We do not underestimate the difficulties ahead. Many countries do not share our view of the positive impact of the internet, and others are actively working against us in a hostile manner.
However as liberal democracies we also have a compelling interest in supporting democratic ideals in cyberspace, and working to convince others of this vision. When we talk about defending ourselves against cyber threats, we also mean the threat against individual rights to freedom of expression that is posed by states blocking internet communications. The free flow of ideas and information is an essential underpinning of liberty.
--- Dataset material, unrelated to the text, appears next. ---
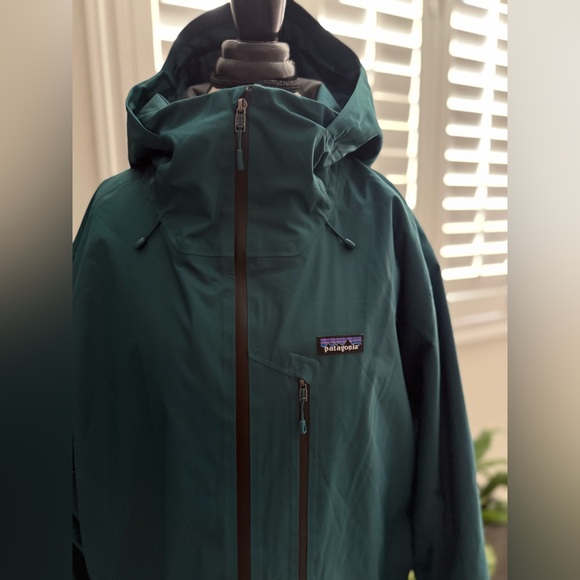 LIKE NEW Patagonia Men's Teal Jacket - Size XXL - Picture 2 of 9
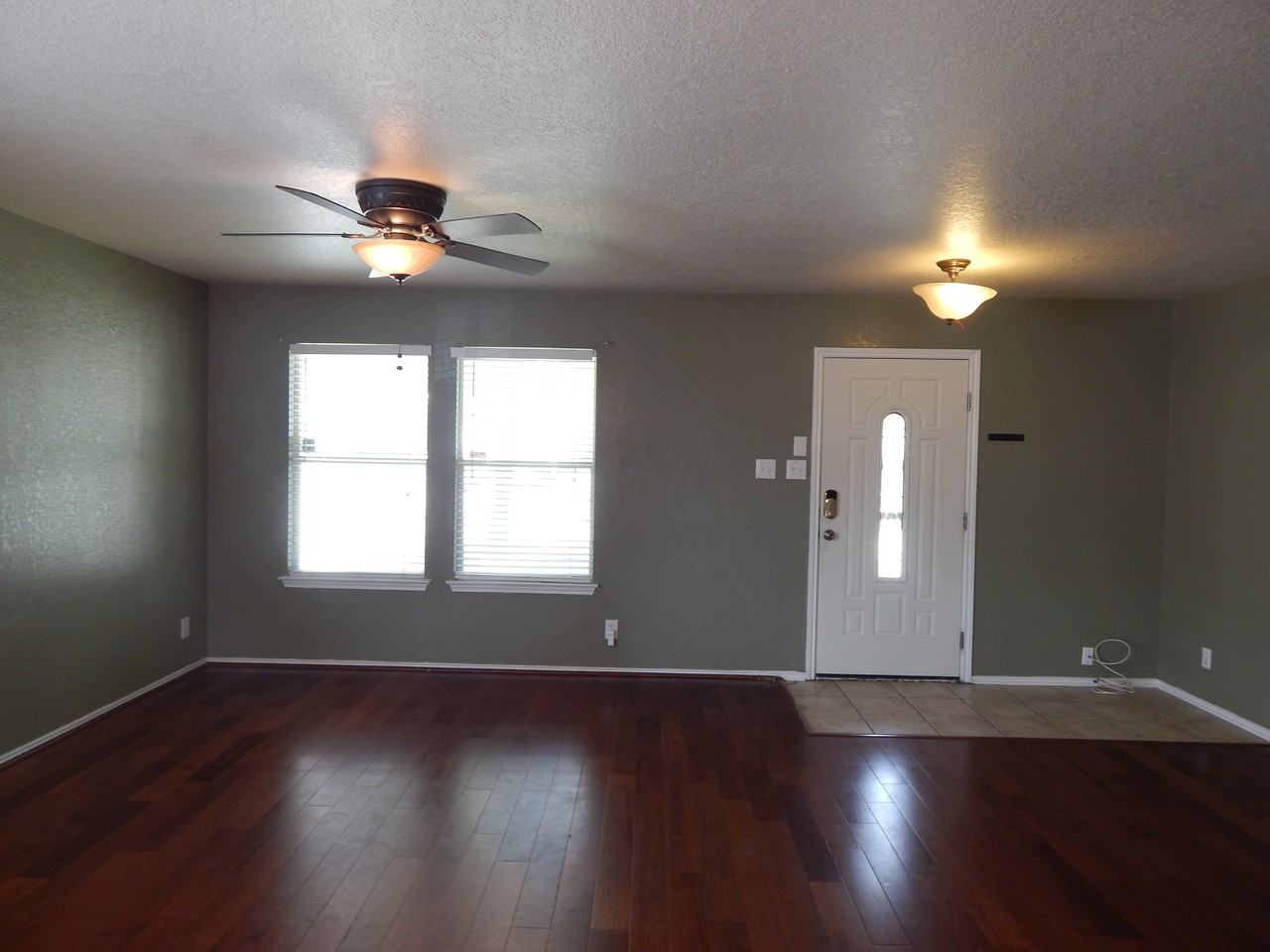 11502 Forest Branch - Photo 3 of 24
The UK is determined to be at the forefront of efforts to safeguard freedom of expression on the internet, working with industry and likeminded governments.
So in Britain’s view, seven principles should underpin future international norms about the use of cyberspace:
The need for governments to act proportionately in cyberspace and in accordance with national and international law;
The need for everyone to have the ability - in terms of skills, technology, confidence and opportunity - to access cyberspace;
The need for users of cyberspace to show tolerance and respect for diversity of language, culture and ideas;
Ensuring that cyberspace remains open to innovation and the free flow of ideas, information and expression;
The need to respect individual rights of privacy and to provide proper protection to intellectual property;
The need for us all to work collectively to tackle the threat from criminals acting online;
And the promotion of a competitive environment which ensures a fair return on investment in network, services and content.
We are open to the ideas of others and we have already begun to discuss cyber with our allies in Washington, Paris, Berlin, Canberra and elsewhere. We must widen the debate over the coming year. We have a major opportunity to promote the Budapest Convention on Cyber Crime, which the UK will look to do when we chair the Council of Europe from November. Here, as in every debate about how to fashion collective responses to the security challenges of our time, Britain is ready to play its part.